Determination of the tungsten isotope composition in seawater: The first vertical profile from the western North Pacific Ocean

Abstract

The stable isotope ratio of W is a new tracer in oceanographic studies and a new proxy in paleoceanographic studies; however, precise data for modern seawater have not been reported to date. Because the concentration of W in seawater is as low as 49 pmol kg−1, an ~3000-fold preconcentration is necessary prior to measurement by multicollector inductivity coupled plasma mass spectrometry (MC-ICP-MS). For the preconcentration, we investigated solid-phase extraction using chelating resins, namely, NOBIAS Chelate-PA1 with ethylenediaminetriacetic acid groups and TSK-8HQ with 8-hydroxyquinolie groups. We report that TSK-8HQ is useful because the effects of the seawater matrix are minor thermodynamically and kinetically. We present a novel method for analysis of the concentrations and isotope ratios of W and Mo in seawater, consisting of solid phase extraction, chromatographic separation using anion exchange resin AG1 X8, and measurement by MC-ICP-MS. Both W and Mo are quantitatively recovered by this method, which was applied to seawater samples collected from the North Pacific Ocean.
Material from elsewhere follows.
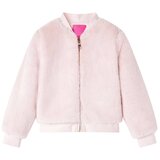  Dječja jakna od umjetnog krzna nježnoružičasta 128 | shoptok.hr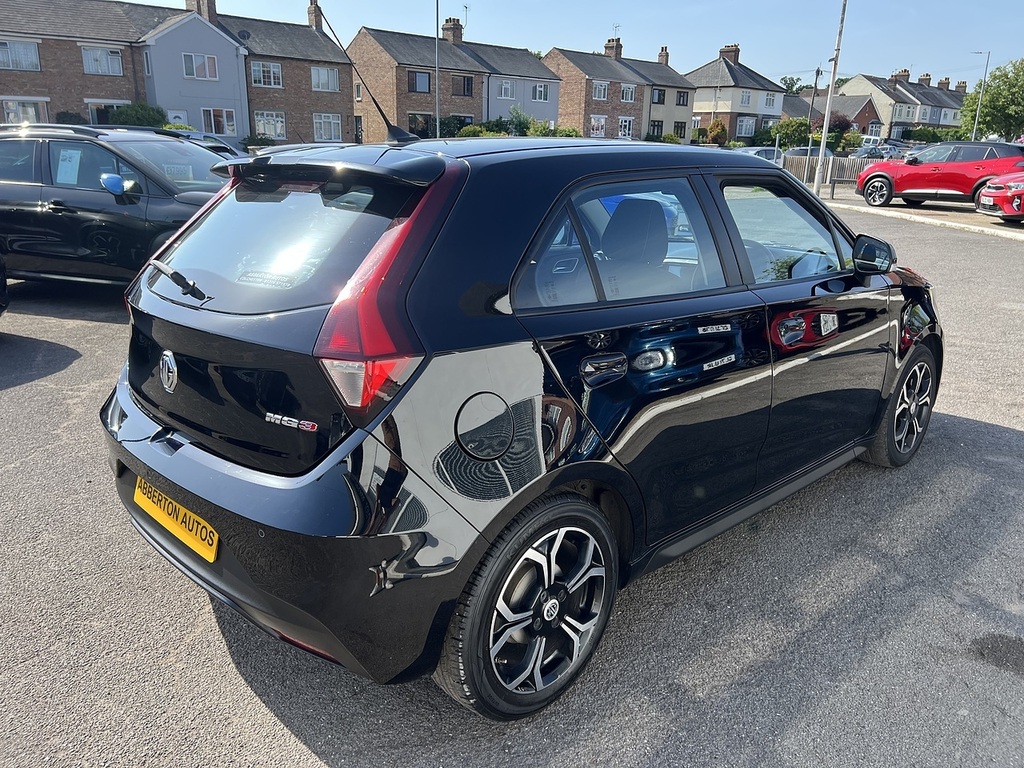 MG MG3 1.5 Vti-tech Excite Hatchback Eu DN23JPY Black #5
The measured concentration of W and the concentration and isotope ratio of Mo are consistent with those in the literature. The isotope ratio of W is found to be uniform throughout the water column in the western North Pacific Ocean; δ186/184W is 0.55 ± 0.12‰ (ave ± 2sd, n = 7) using NIST SRM 3163 as a reference for W. On the basis of this data, we determined that the isotopic difference in δ186/184W is ~0.49‰ between seawater and oxic sediments in the modern ocean. This value accords with the reported experimental data for the isotope fractionation of W during adsorption on manganese and iron (oxyhydr)oxides, suggesting the validity of our data.